"The Ascension is ... at once [1] the seal of the salvific work of mediation effected by Christ
in virtue of the hypostatic union, and [2] the commencement of a new mission of
the Word incarnate in his relation to the world. We celebrate 'the most sacred day on which
your Only Begotten Son, our Lord, placed at the right hand of your glory our
weak human nature, which he had united to himself [(diem sacratissimum
celebrantes, quo Dominus noster, Unigenitus Filius tuus, unitam sibi fragilitatis
nostrae substantiam in gloriae tuae dextera collocavit)]' (Proper of the
Ascension, Eucharistic Prayer I). That humanity finds itself in [(une humanité se retrouve en; indeed at the right hand of)] God—[a wholly] undreamed-of fact perhaps still
more extraordinary than [that of] a God who has become [(se soit fait)] man—has
been and is, today and forever, [a] mystery of salvation. By this fact, the exaltation of the incarnate
Word has an incidence necessary to [(une incidence sur)] the transmission of
the faith, [to] union with God, and [to] the beatific vision, all three
submitted to the 'sublime materialism' of the Christian faith, whose sole and
unique law, against every docetist temptation, is that of the Incarnation. By confessing the Ascension of Christ,
Christians proclaim that it is possible for flesh to enter into glory: [a] scandal to those who hate the flesh, [sheer]

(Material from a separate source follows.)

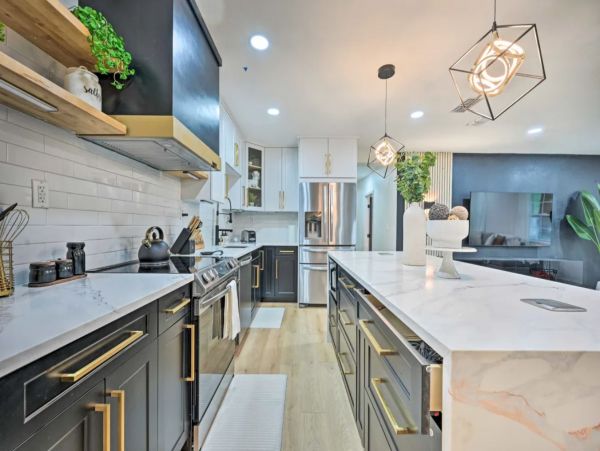 Gorgeous Six Bedroom Vacation Home in Tampa Sleeps 20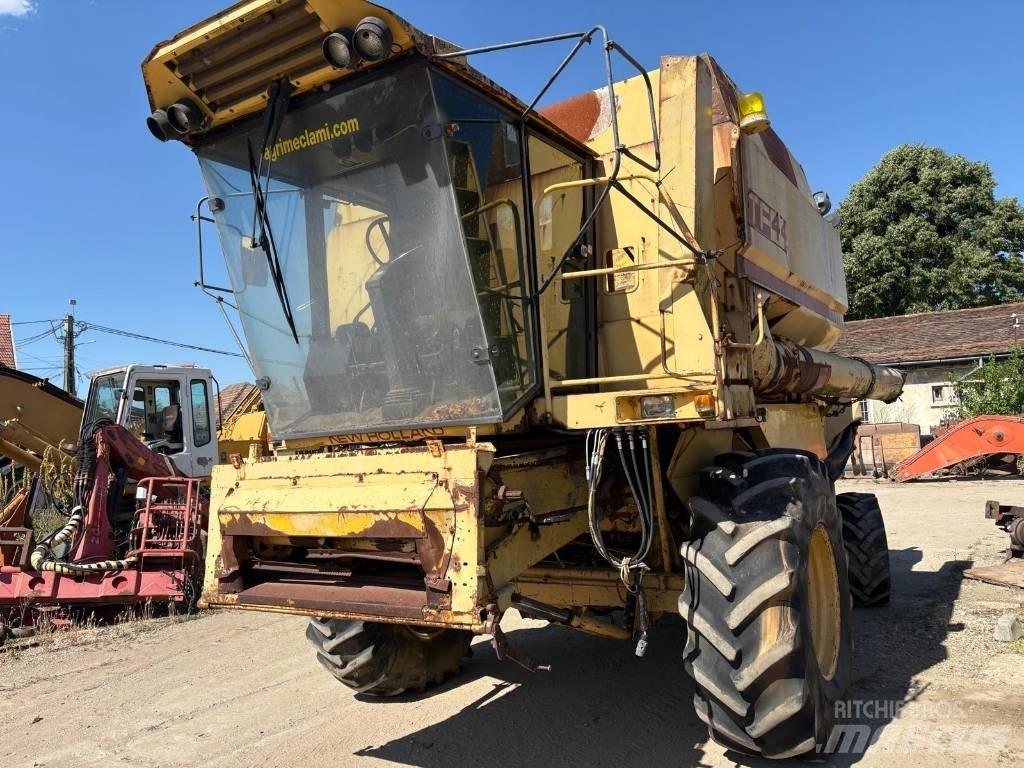 New Holland TF 42 Sklízecí mlátičky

folly [to] those who adore it for its own sake."
Nathalie Requin, "L'ascension
du Christ: le Verbe fait homme pour l'éternité," Nouvelle revue théologique 139, no.2 (2017): 207 (192-208). What follows is, of course, a concluding reference to the corresponding Assumption of the Blessed Virgin Mary.
"The Word became
flesh in a manner irrevocable and definitive, for eternity" (199).